Adrienne Faurote, Haute Time Editor-in-Chief
For me, April is truly the New Year for watchmaking—which is most likely why many of my favorite timepieces for 2025 debuted at Watches & Wonders. To start, I’ll never forget where I was when Roger Federer accidentally–or purposefully, depending on who you asked—dropped the new Rolex Land-Dweller. With the anticipation building as I flew to Geneva, the Land-Dweller lived up to the hype, no doubt.

The Bvlgari Serpenti Aeterna is one of those watches that, once you try it on, you never stop thinking about it. I love the more geometric feel of this serpenti, stripped to its essence—no eyes, no scales, just pure geometry, yet still fitting the wrist like a proper second-skin jewelry novelty.
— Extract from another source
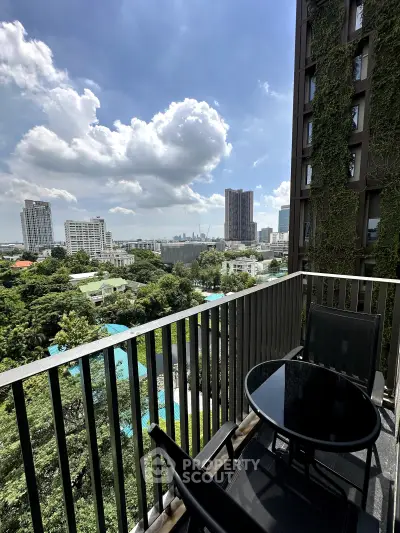 Stunning balcony view with lush greenery and city skyline, perfect for relaxation.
In true Hublot fashion, this one is a total wild card for me: the Big Bang MECA-10 Aspen One. This watch marks the third special edition timepiece in collaboration with Aspen Snowmass and was launched during Shaun White’s The Snow League’s inaugural competition weekend in Aspen. Perhaps it was wearing the watch against the backdrop of Ajax, or maybe it’s the incredibly modern feel of this watch’s evolution. Still, the Hublot Big Bang MECA-10 Aspen One is forever etched in my memory as a favorite.

Andre Frois, Haute Time Global Editor
With many brands releasing head-turners this past year that doubled up as statements of intent, 2025 was an unforgettable year for watchmaking.
Omega, for example, unveiled slimmer, improved versions of its revered Co-Axial Master Chronometer, in the form of seven new Dark Side of the Moon timepieces. Personally, I feel compelled to nab the fully blacked-out one, especially since they represent a new era in Omega’s chronometric technology.

I’ve been a devotee of Ulysse Nardin since meeting The Freak and photographing its jovial creator Ludwig Oechslin 15 years ago. At Dubai Watch Week 2025, Ulysse Nardin and independent titan Urwerk surprised us with a collab no one expected: The UR-FREAK, which combines Urwerk’s satellite display with Ulysse Nardin’s acclaimed silicon balance wheel and balance spring, and DIAMonSil escapement wheel and anchor.

In other news, while its sister brand Chopard bowled us over in Dubai with the Grand Strike, which is built based on Chopard’s award-winning Sound of Eternity trilogy, Ferdinand Berthoud unveiled a fusée chain timepiece crafted entirely by hand. To ensure that the Naissance d’une Montre 3 would be built without any influence of computer-aided design or even basic automation, Chopard emptied an entire section of its facility of all machinery.

Alex Teuscher, Haute Time Photographer
First, the Urban Jurgensen UJ-1. This is one of the standout brand relaunches in recent memory—everything about the UJ-1 is exceptional. And, the way the watch has been received [by the industry] says it all.

Next is the Ferdinand Berthoud Naissance d’un Montre 3—not only is this timepiece just beautiful visually, but the fact that the watch is entirely made by hand makes it an exceptional work of art.

And finally, the Jaeger-LeCoultre Reverso Tribute Small Seconds on the Milanese bracelet. For a watch that could have been visually too much, everything works together in perfect unison—and in a package that is near-perfect for elegant occasions.